((

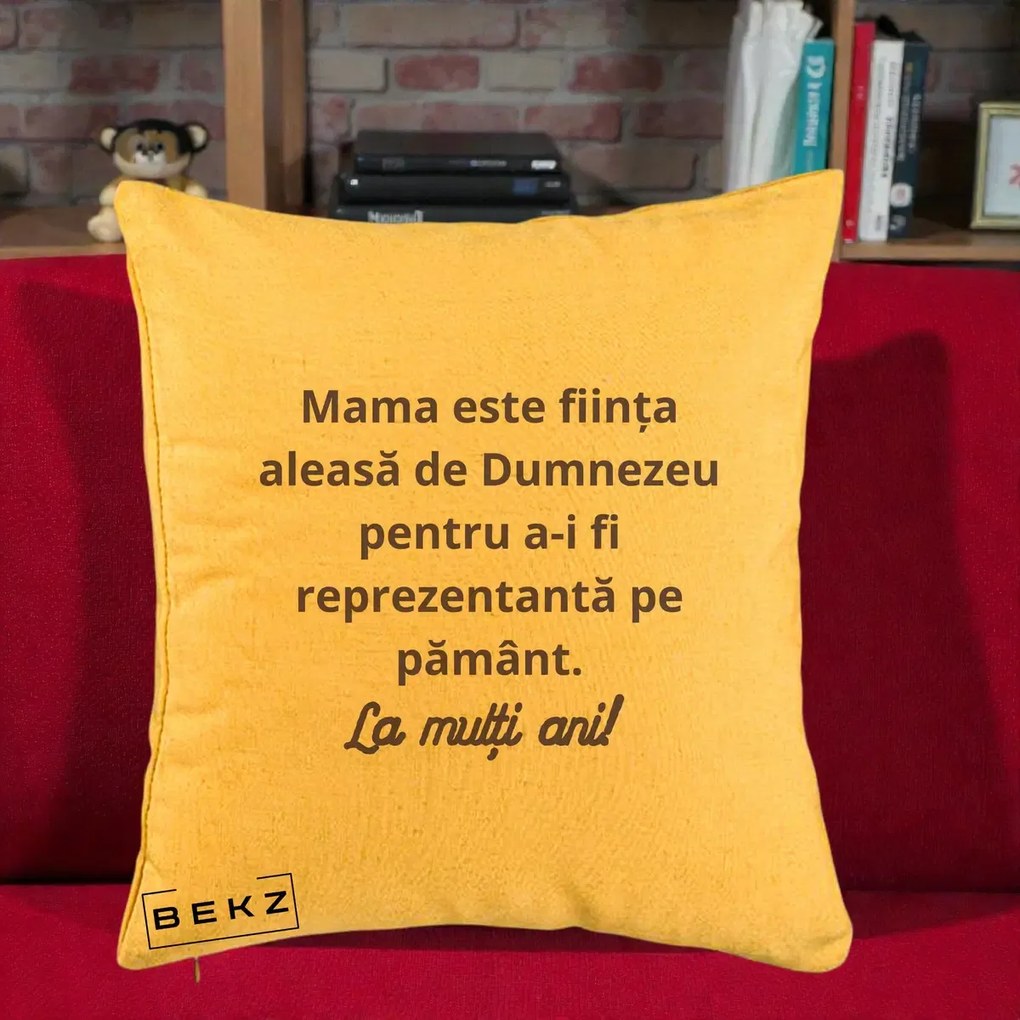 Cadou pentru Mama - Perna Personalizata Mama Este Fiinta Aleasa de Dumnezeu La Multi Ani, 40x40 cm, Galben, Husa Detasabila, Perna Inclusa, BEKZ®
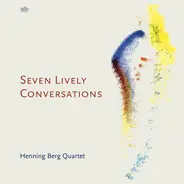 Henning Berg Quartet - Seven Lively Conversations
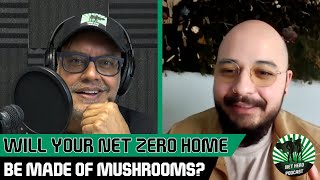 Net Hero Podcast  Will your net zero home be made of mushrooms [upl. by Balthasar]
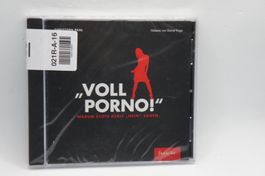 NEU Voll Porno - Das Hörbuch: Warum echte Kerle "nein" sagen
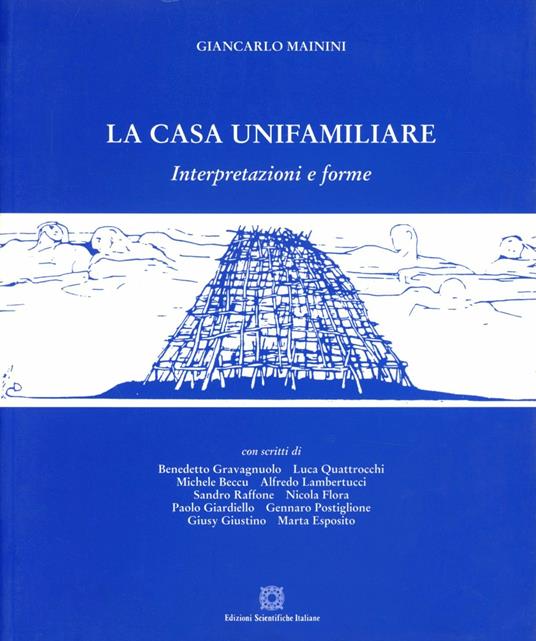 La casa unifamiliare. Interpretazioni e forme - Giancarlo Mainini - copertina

))

With pictures excluded, restate word for word the lines from the one that contains "NEU Voll Porno" through the end of the material, inclusive, and nothing more.

▸ ANSWER TO THE EXERCISE
 NEU Voll Porno - Das Hörbuch: Warum echte Kerle "nein" sagen
 La casa unifamiliare. Interpretazioni e forme - Giancarlo Mainini - copertina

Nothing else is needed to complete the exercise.